» **Exercise**
Repeat each line of the data below exactly, but skip the pictures.

---------- Collected material

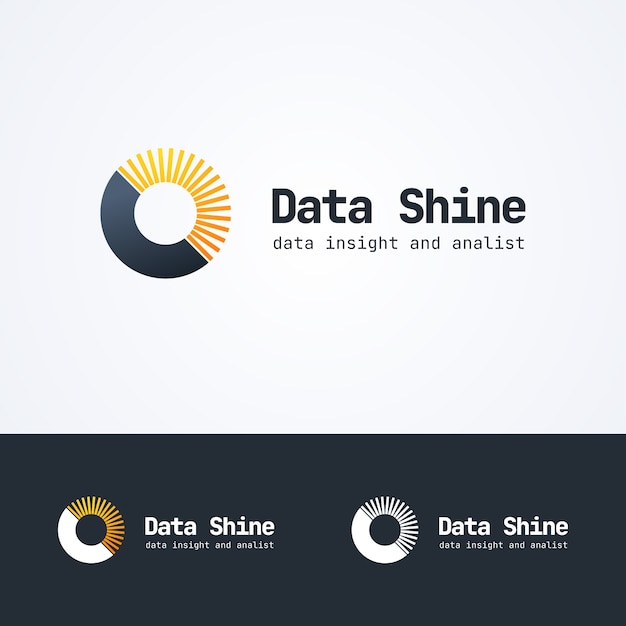Шаблон логотипа градиентных данных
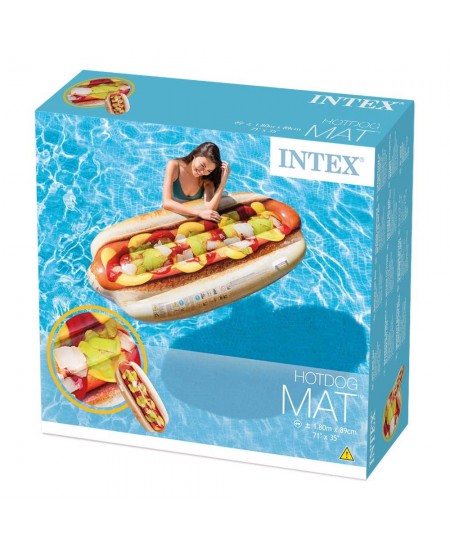 Pripučiamas plaustas INTEX Hot Dog, 180x89 cm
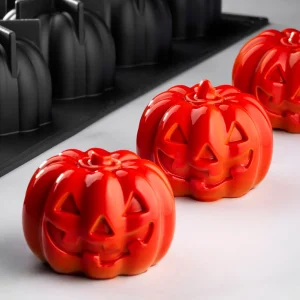 Calabaza Pumpkin molde de silicona . Hallowen. Dekoeurop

--------------------

» **Task result**
Шаблон логотипа градиентных данных
 Pripučiamas plaustas INTEX Hot Dog, 180x89 cm
 Calabaza Pumpkin molde de silicona . Hallowen. Dekoeurop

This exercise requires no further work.